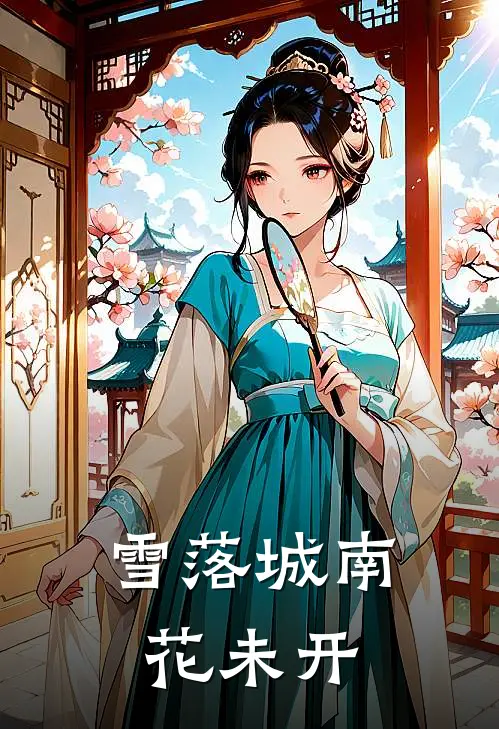 雪落城南花未开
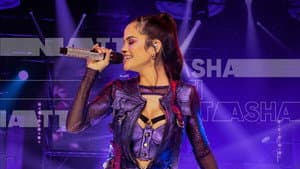 Natti Natasha: Live on Max — foto 2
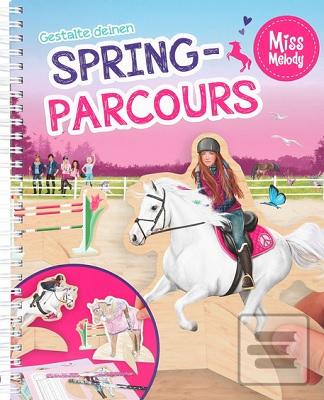 Spring-Parcours - Miss M…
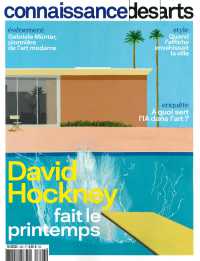 CONNAISSANCE DES ARTS*
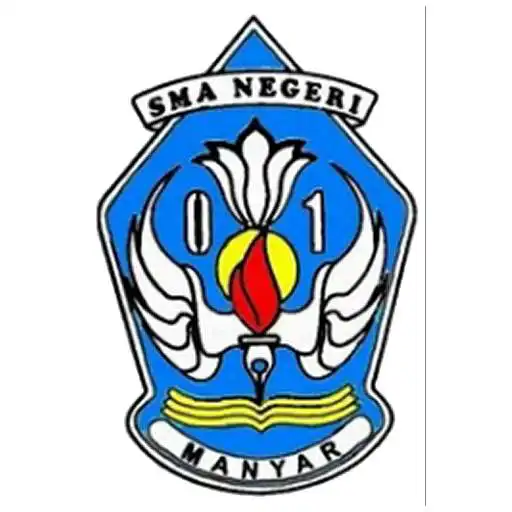 Play SMAN 1 Manyar APK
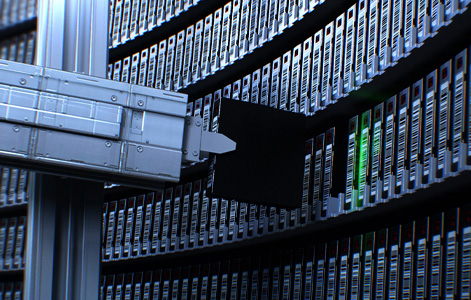 Versos AI + Tape Ark: Turning Decades of Dormant Video into Training Data for AI World Models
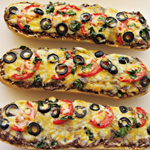 Pizza Recipes & Ideas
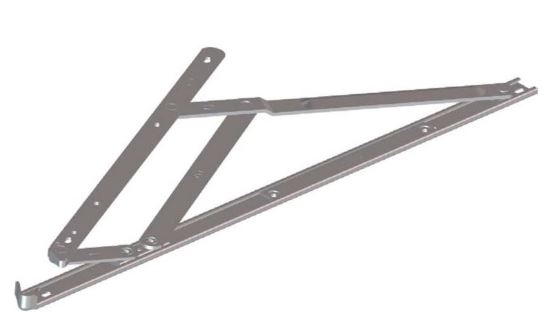 COMPAS PROYECTANTE 22/567 STERLING-E V 16 AUST.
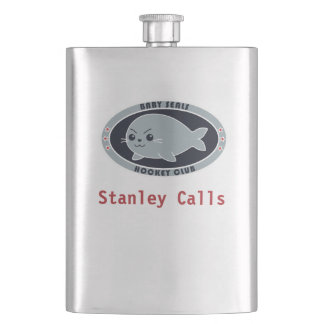 Stanley Flask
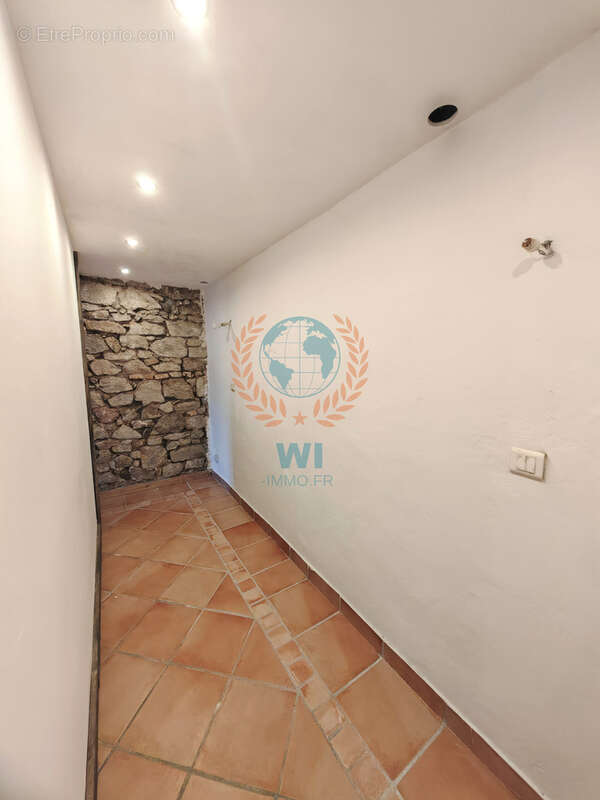 Maison de village avec extérieur - photo 18
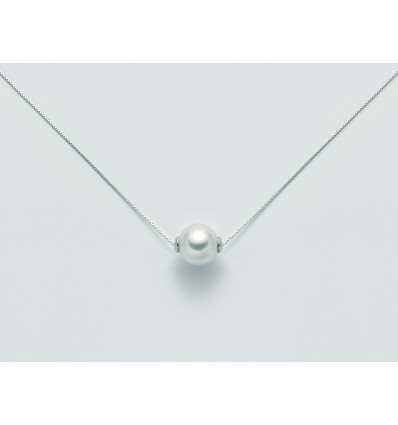 GT Erre Preziosi Collana Donna Miluna PCL5284 COLLIER DI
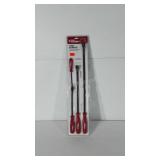 Tools, Hyper tough 4pc pry bar set
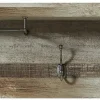 Garderobenpaneel BONANZA 40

────────

Required work: Pictures do not belong in the answer. Return the lines above starting at the one with "CONNAISSANCE DES ARTS*" and ending at the one with "Maison de village avec extérieur - photo 18", both kept, exactly.

Output of the exercise:
 CONNAISSANCE DES ARTS*
 Play SMAN 1 Manyar APK
 Versos AI + Tape Ark: Turning Decades of Dormant Video into Training Data for AI World Models
 Pizza Recipes & Ideas
 COMPAS PROYECTANTE 22/567 STERLING-E V 16 AUST.
 Stanley Flask
 Maison de village avec extérieur - photo 18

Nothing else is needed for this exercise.